EXERCISE GOAL:
From the entries below, transcribe exactly the lines between the line holding "May 2, 1989." and the line holding "Person in gray", inclusive; skip all other lines.

### RECORD EXTRACTS ###

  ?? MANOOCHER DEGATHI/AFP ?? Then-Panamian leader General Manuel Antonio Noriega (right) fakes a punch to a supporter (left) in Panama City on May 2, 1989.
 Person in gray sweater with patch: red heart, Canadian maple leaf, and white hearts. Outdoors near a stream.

###
### RECORD EXTRACTS ###

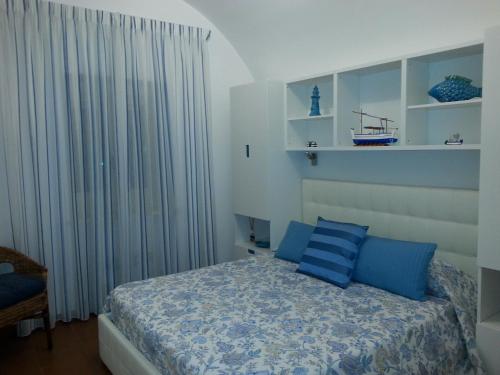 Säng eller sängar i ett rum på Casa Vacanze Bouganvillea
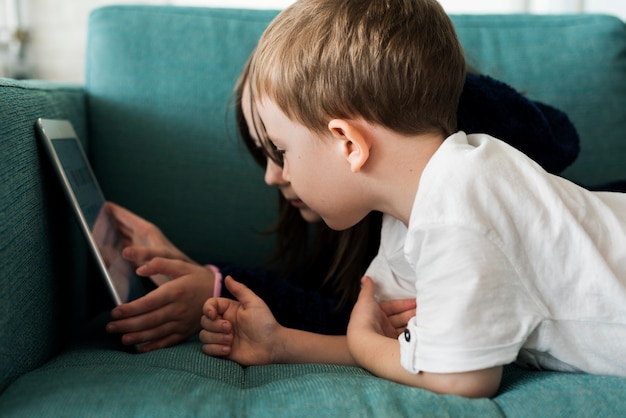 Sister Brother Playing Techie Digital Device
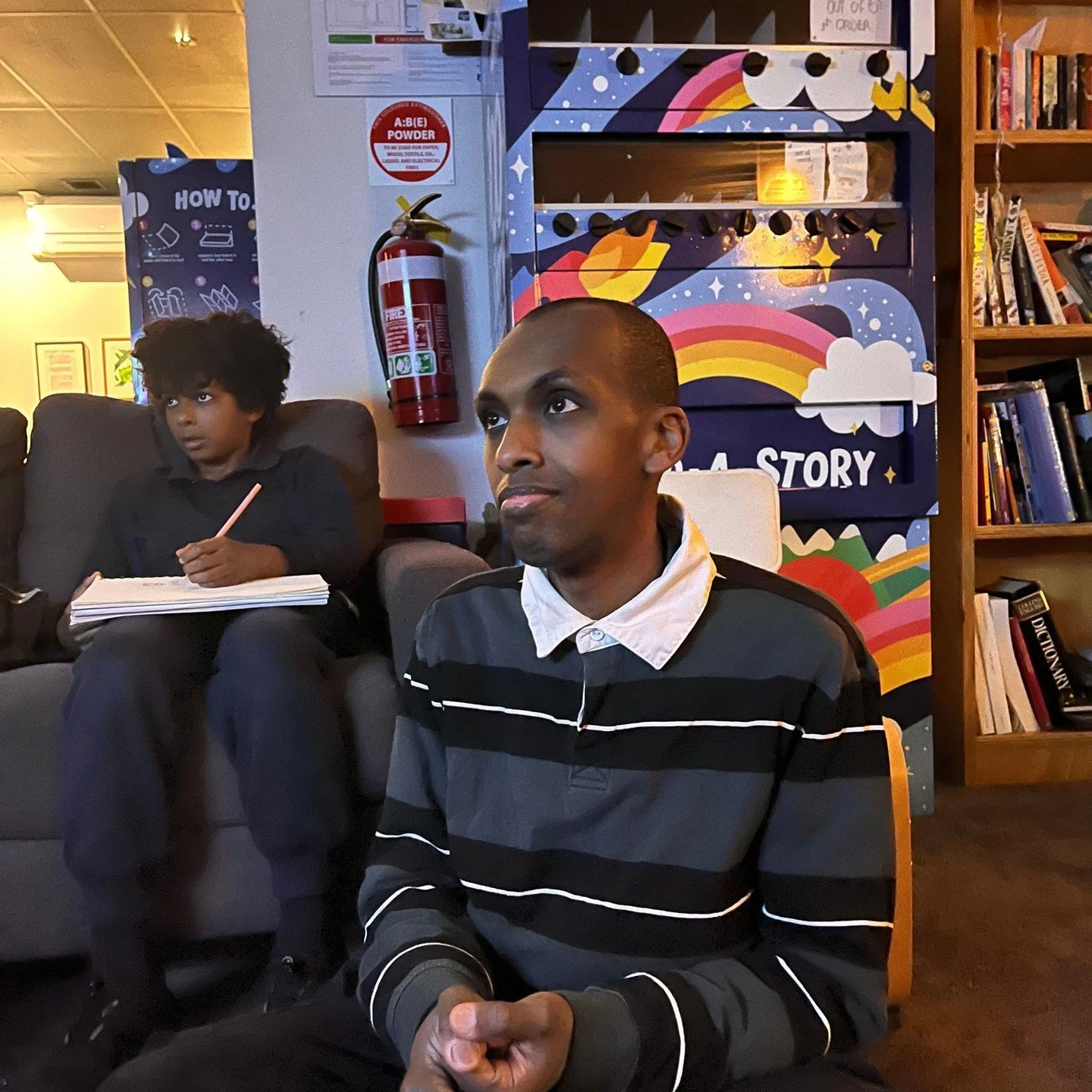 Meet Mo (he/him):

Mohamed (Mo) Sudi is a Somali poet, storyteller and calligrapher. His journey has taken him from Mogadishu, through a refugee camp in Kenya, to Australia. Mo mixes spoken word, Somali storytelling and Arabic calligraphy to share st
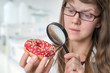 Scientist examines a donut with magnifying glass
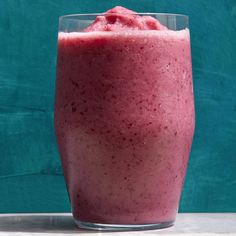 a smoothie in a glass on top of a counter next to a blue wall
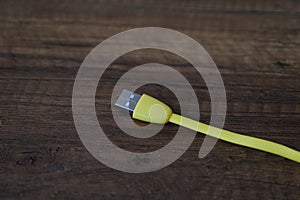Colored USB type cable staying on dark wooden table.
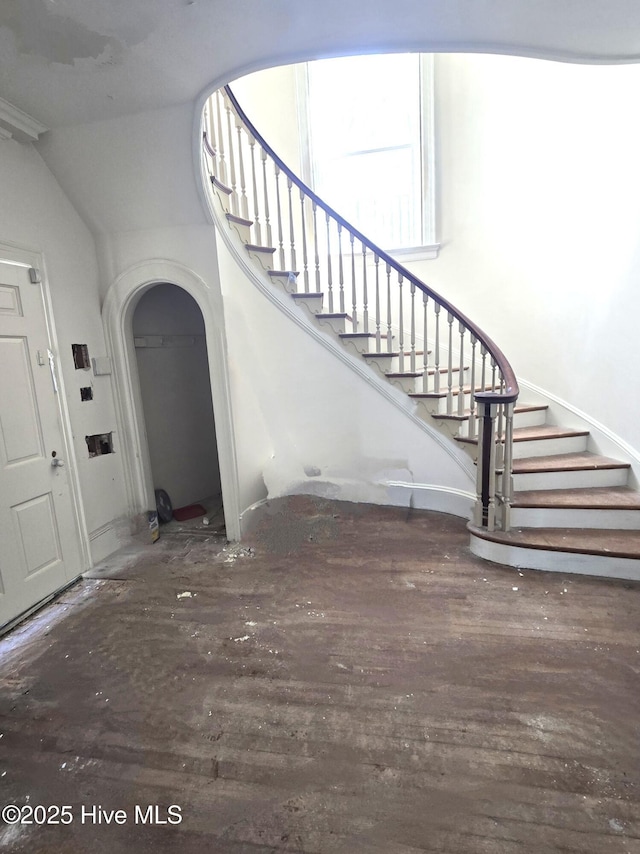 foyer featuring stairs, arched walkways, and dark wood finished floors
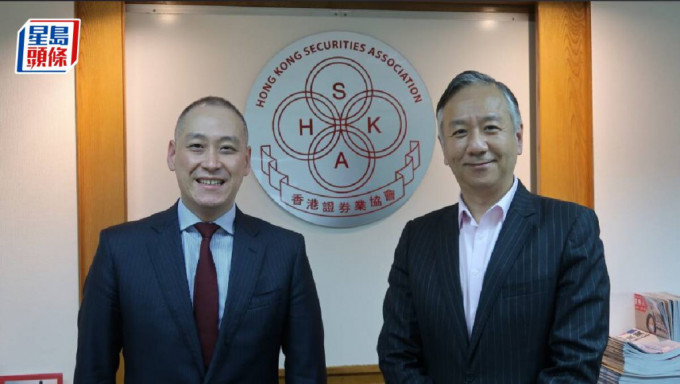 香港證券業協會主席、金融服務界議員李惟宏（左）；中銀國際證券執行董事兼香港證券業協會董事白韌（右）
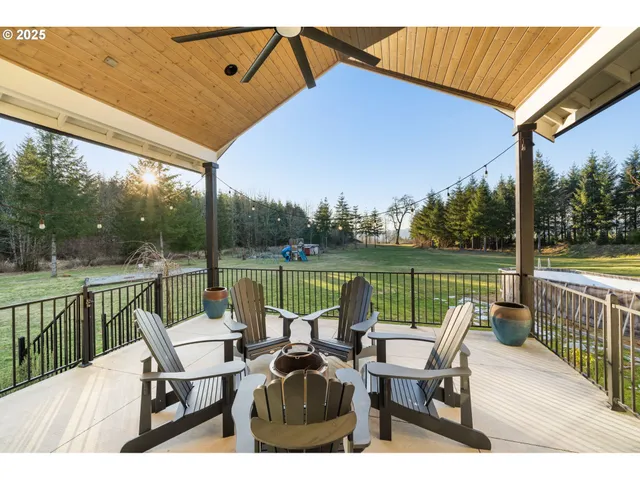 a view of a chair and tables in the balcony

###

YOUR SOLUTION:
  ?? MANOOCHER DEGATHI/AFP ?? Then-Panamian leader General Manuel Antonio Noriega (right) fakes a punch to a supporter (left) in Panama City on May 2, 1989.
 Person in gray sweater with patch: red heart, Canadian maple leaf, and white hearts. Outdoors near a stream.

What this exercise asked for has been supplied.